Robert Adler Peckerar
Robert Adler Peckerar is a Comparative Literature doctoral candidate. He researches Jewish culture in central and eastern Europe. Robert is currently writing his dissertation on everyday cultural life (theater, film, popular poetry and prose) in Berlin and Warsaw before the Nazi genocide. In addition to leading literary expeditions to eastern Europe, he is the creator of the YiddishSummer program, an intensive immersion in Yiddish.
A doctoral student in the Department of German, Sarah Bailey’s research concentrates on the role of Yiddish language and culture in German-language literature of the nineteenth century. Especially interested in the aesthetic distance afforded by Jewish or Jewish-apostate authors writing on Jewish themes, Sarah currently investigates the work of Moses Mendelssohn, Salomon Maimon and Heinrich Heine. Having received a Berkeley Language Center Instructional Development Fellowship for 2004, she is also developing a culture-based first-year Yiddish language pedagogy for UC Berkeley’s Department of German.

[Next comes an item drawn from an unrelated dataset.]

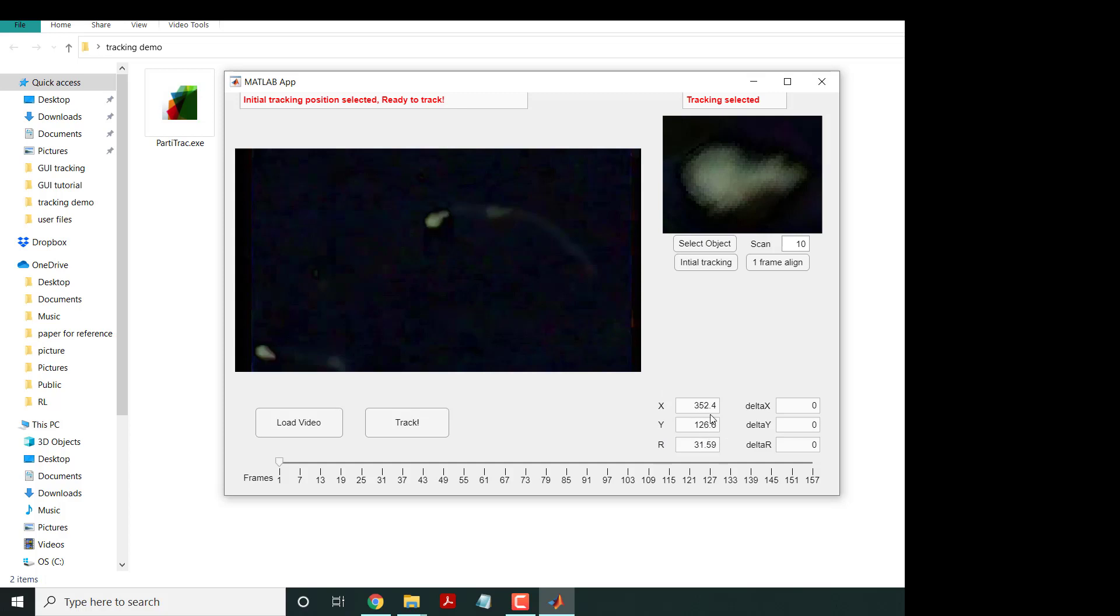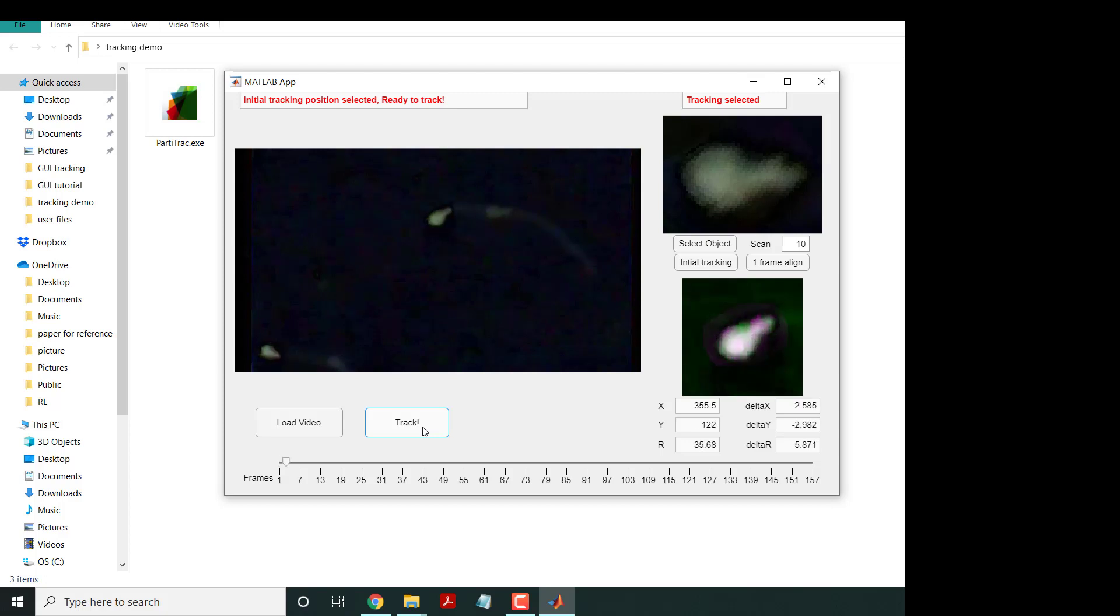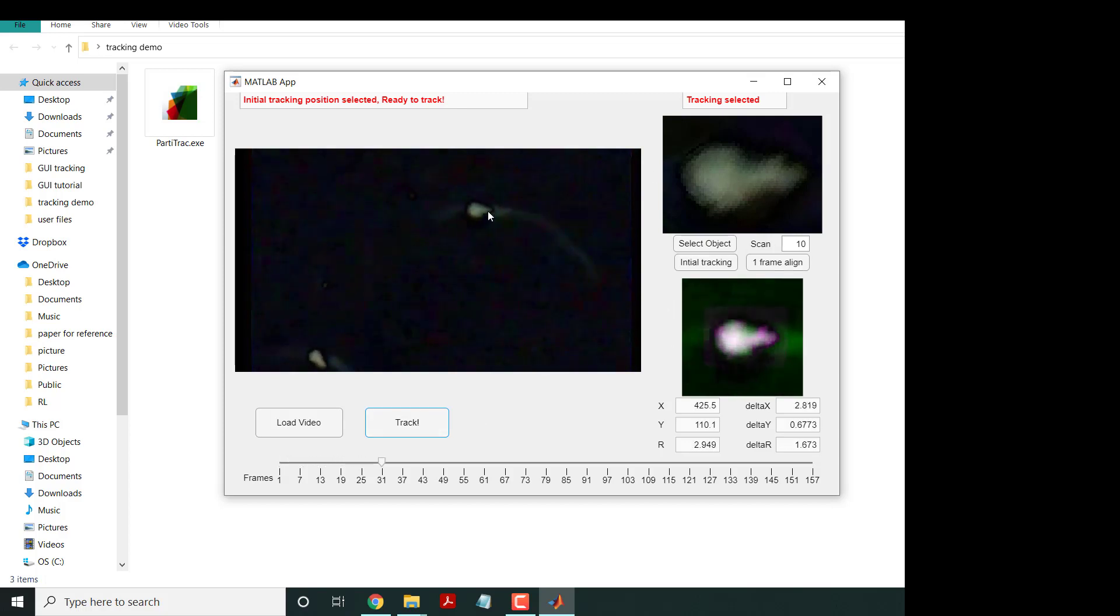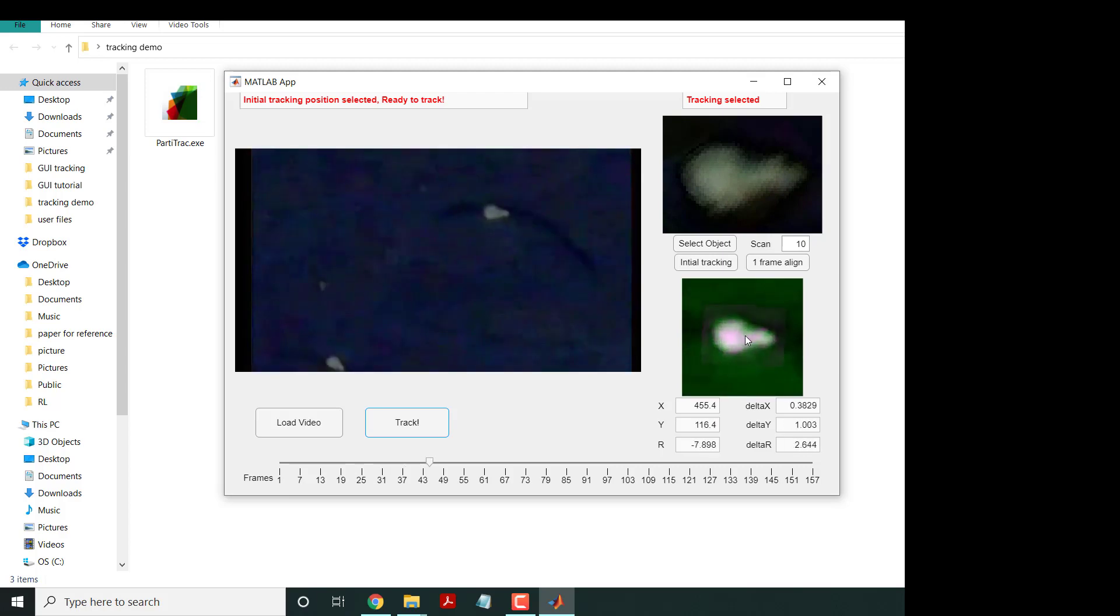The next thing you're going to do is track - it says 'ready to track', so you click track. Now the particle is being frame-by-frame tracked by the program.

Naomi Brenner is a graduate student in Comparative Literature, currently writing a dissertation that traces the changing politics and poetics of authorship in Hebrew and Yiddish literature. Her interests in Yiddish studies include literary constructions of identity, allusion and translation, especially in the work of multilingual writers. She also works in Hebrew literature, focusing on related questions of intertextuality and literary history.
June Hwang is a graduate student in the German Dept. Having advanced to candidacy in Spring 2003, she is now beginning work on her dissertation. The project will focus on how discourses of wandering, urban alienation and the stranger intersect in the figure of the German Jewish intellectual. At the moment she is working on the figure of the “Wandering (or Eternal) Jew” and how this originally Christian figure was appropriated by Jewish writers and artists working in German and Yiddish. June is in Berlin for the year doing dissertation research with a fellowship from the Social Science Research Council.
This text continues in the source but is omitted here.